* Exercise brief: Leaving out the images, repeat all the lines below exactly.

* Input records:
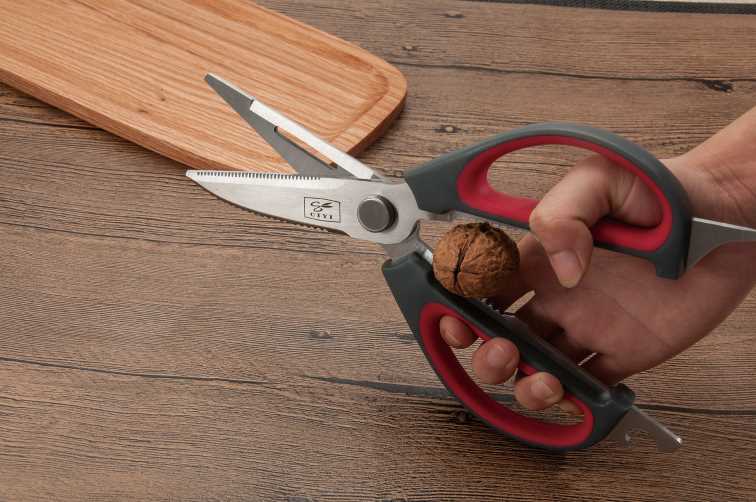 Ciseaux de cuisine Salvinelli 25 cm en acier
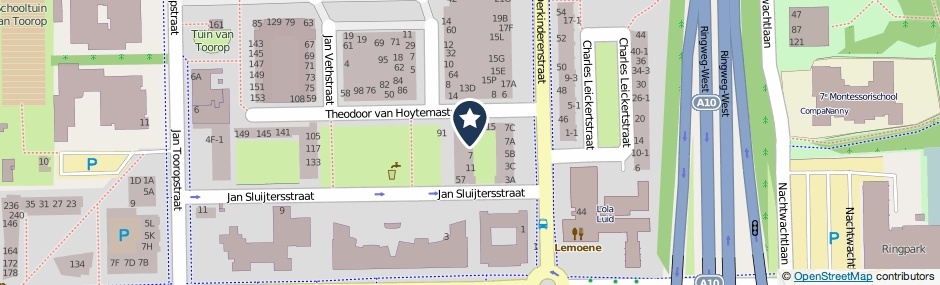 Kaartweergave Theodoor Van Hoytemastraat 3 in Amsterdam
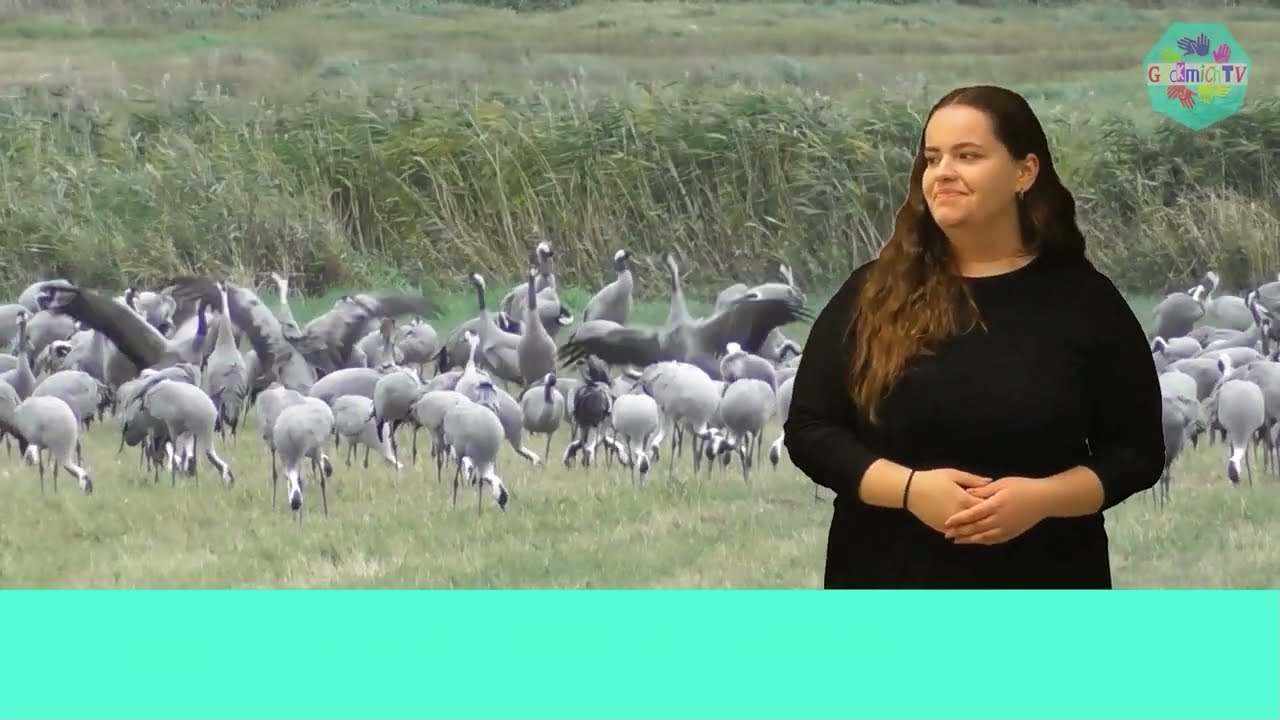 GuckmichTV -  Wieso fliegen Zugvögel immer tausende von Kilometern?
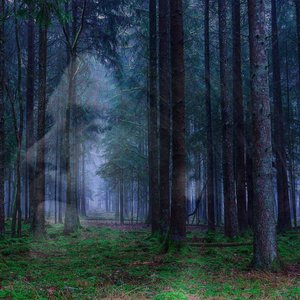 Hypnagogia - Single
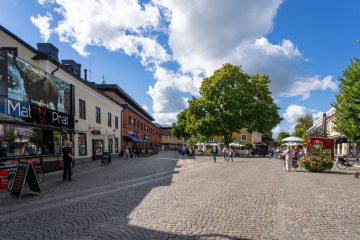 042_SA109010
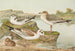 Larus minutus Pall Larus ridibundus Larus melanocephalus - Johann Friedrich Naumann — widok dzieła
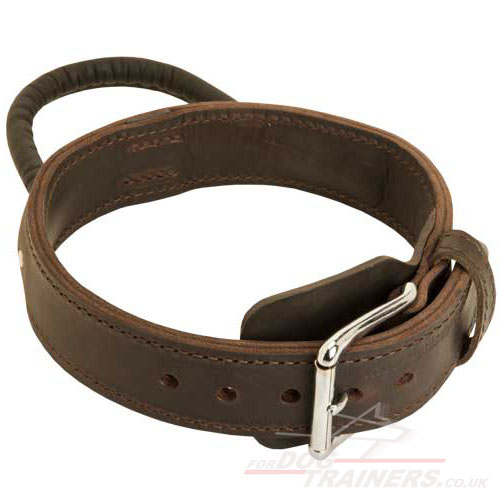 Dog Leather Collar with Handle and Chromium Plated Hardware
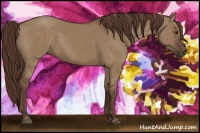 Horse Color:Liver Red Dun 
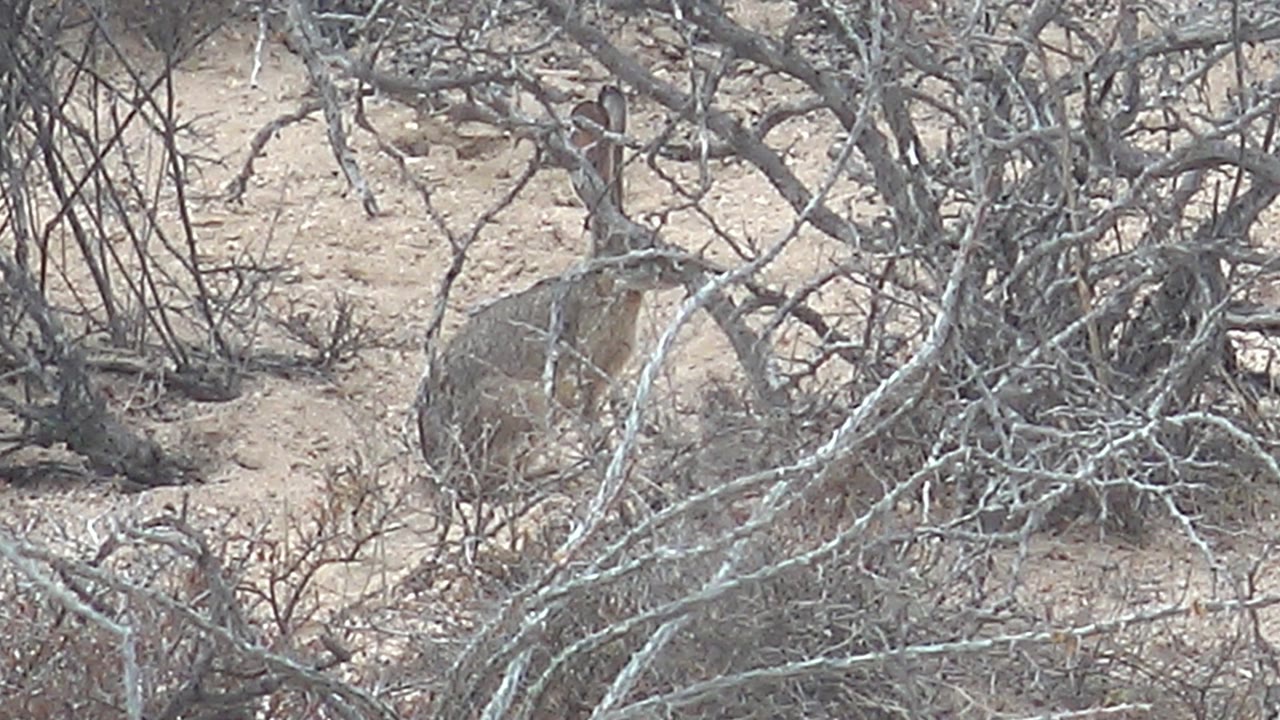 Rabbit remains tucked behind a tangle of dry gray branches and low shrubs on sandy Cabo Pulmo desert ground, with no visible people.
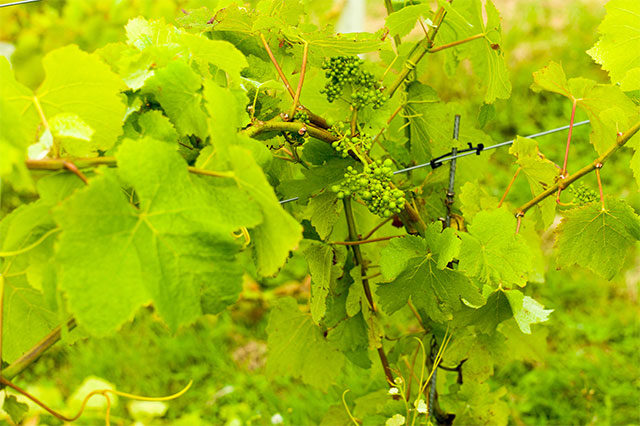 Forty Hall Vineyard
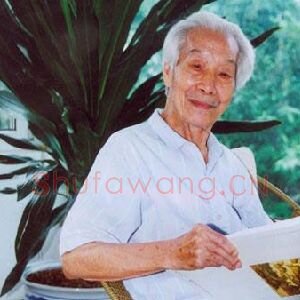 阳太阳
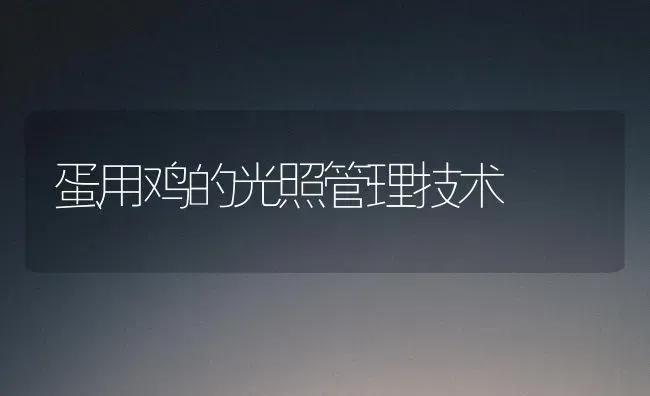 蛋用鸡的光照管理技术 | 家禽养殖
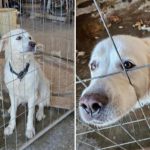 Cane abbandonato in condizioni disumane: il caso di Neve e la lotta contro il maltrattamento degli animali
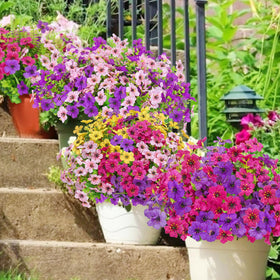 Yastouay 12 Bundles UV resistant petals keep colors vibrant in sun.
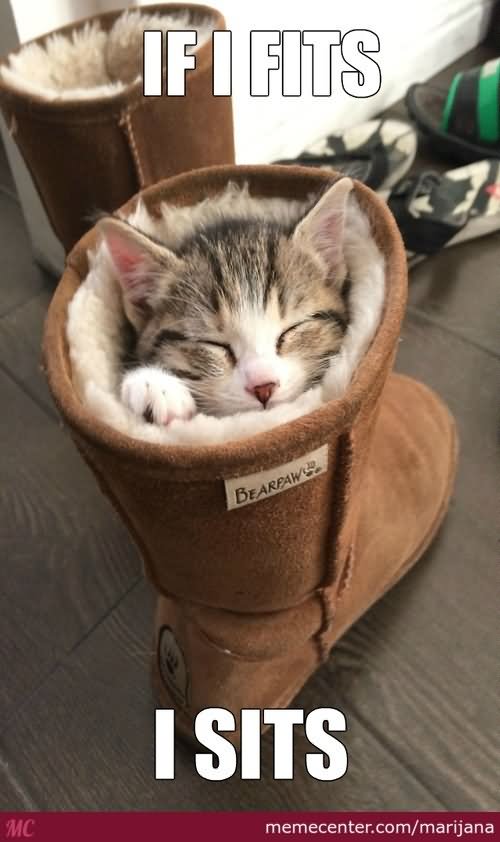 Funny Boots Meme If I Fits I Sits Picture For Facebook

* Solution to the exercise:
 Ciseaux de cuisine Salvinelli 25 cm en acier
 Kaartweergave Theodoor Van Hoytemastraat 3 in Amsterdam
 GuckmichTV -  Wieso fliegen Zugvögel immer tausende von Kilometern?
 Hypnagogia - Single
 042_SA109010
 Larus minutus Pall Larus ridibundus Larus melanocephalus - Johann Friedrich Naumann — widok dzieła
 Dog Leather Collar with Handle and Chromium Plated Hardware
 Horse Color:Liver Red Dun 
 Rabbit remains tucked behind a tangle of dry gray branches and low shrubs on sandy Cabo Pulmo desert ground, with no visible people.
 Forty Hall Vineyard
 阳太阳
 蛋用鸡的光照管理技术 | 家禽养殖
 Cane abbandonato in condizioni disumane: il caso di Neve e la lotta contro il maltrattamento degli animali
 Yastouay 12 Bundles UV resistant petals keep colors vibrant in sun.
 Funny Boots Meme If I Fits I Sits Picture For Facebook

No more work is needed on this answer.